**WHAT YOU SHOULD DO:**
Pictures aside, reproduce exactly each line from the one holding "Ventilateur de plafond" through the last line of the material, both ends included.

**DATA PROVIDED:**
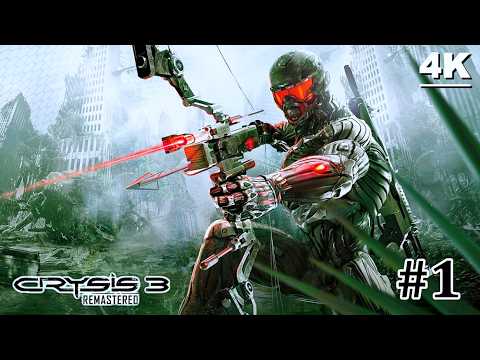 Crysis 3 Remastered Post Human Warrior | Immersive Ultra Realistic Graphics | 4K PC Gameplay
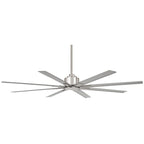 Ventilateur de plafond Minka Aire Xtreme H2O en nickel brossé, 8 pales, 65 pouces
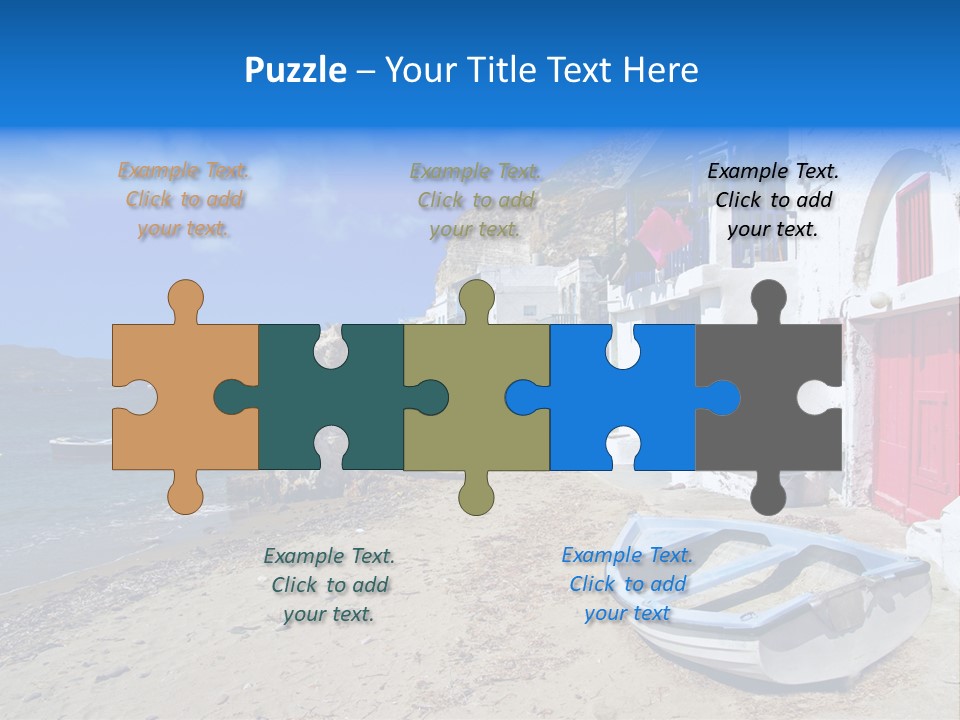 Relax Landscape Summertime PowerPoint Template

**WRITTEN ANSWER:**
 Ventilateur de plafond Minka Aire Xtreme H2O en nickel brossé, 8 pales, 65 pouces
 Relax Landscape Summertime PowerPoint Template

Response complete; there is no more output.